On June 4, 2015, CMS issued final regulations revising the Medicare Shared Savings Program, including changes to provisions relating to the payment of Accountable Care Organizations (ACOs) participating in the Medicare Shared Savings Program. The final rule reflects CMS’s consideration of comments received in response to its December 8, 2014 proposed rule. Among other things, the final rule creates a new “Track 3” option for shared savings that would permit participants to share greater financial risk and reward (up to 75%).

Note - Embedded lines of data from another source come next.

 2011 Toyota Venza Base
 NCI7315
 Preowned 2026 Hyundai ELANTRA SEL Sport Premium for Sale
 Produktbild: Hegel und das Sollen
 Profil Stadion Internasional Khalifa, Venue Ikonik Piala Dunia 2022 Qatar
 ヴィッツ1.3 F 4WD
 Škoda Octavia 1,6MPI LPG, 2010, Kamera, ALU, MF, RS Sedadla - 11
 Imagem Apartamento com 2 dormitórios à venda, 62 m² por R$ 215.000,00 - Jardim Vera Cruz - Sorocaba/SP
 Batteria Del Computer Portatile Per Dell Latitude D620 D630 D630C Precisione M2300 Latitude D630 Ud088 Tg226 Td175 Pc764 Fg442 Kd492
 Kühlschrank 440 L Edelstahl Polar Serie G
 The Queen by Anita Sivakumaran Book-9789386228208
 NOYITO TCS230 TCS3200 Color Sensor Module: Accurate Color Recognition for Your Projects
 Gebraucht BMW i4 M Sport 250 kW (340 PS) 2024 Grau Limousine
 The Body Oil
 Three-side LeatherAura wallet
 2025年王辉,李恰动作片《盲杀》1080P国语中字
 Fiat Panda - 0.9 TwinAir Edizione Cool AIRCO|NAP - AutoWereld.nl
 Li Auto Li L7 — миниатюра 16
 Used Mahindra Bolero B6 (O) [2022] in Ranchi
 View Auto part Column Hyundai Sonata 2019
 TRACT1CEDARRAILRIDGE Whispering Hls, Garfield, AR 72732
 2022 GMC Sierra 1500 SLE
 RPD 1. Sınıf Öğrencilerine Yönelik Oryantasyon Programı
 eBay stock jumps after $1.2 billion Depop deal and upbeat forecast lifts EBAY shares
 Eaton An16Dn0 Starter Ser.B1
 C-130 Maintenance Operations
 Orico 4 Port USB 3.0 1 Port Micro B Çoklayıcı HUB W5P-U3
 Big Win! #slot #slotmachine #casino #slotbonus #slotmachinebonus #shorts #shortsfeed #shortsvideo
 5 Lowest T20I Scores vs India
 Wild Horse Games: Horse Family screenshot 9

Under the Medicare Shared Savings Program, providers of services and suppliers that participate in ACOs continue to receive traditional Medicare fee-for-service payments under Parts A and B, but the ACOs may be eligible to receive a shared savings payment if they meet specified quality and savings requirements. The program is voluntary and accepts applications on an annual basis. Applicant organizations agree to participate in the program for three years. There currently are more than 400 ACOs serving in excess of 7 million Medicare beneficiaries.
In the final rule, CMS:
- Creates a new Track 3 based on some of the successful features of the Pioneer ACO Model, including higher rates (up to 75%) of shared savings, the prospective assignment of beneficiaries, and the opportunity to use new care coordination tools;
- Streamlines data sharing between CMS and ACOs, helping ACOs more easily access patient data securely for quality improvement and care coordination to drive critical improvements in beneficiaries’ care;
- Establishes a waiver of the 3-day stay skilled nursing facility (SNF) rule for beneficiaries who are prospectively assigned to ACOs under Track 3; and
- Refines policies for resetting ACO benchmarks to help ensure that the program continues to provide strong incentives for ACOs to improve patient care and generate cost savings.
The final rule also announces CMS’s intent to propose further improvements to the benchmarking methodology later this year.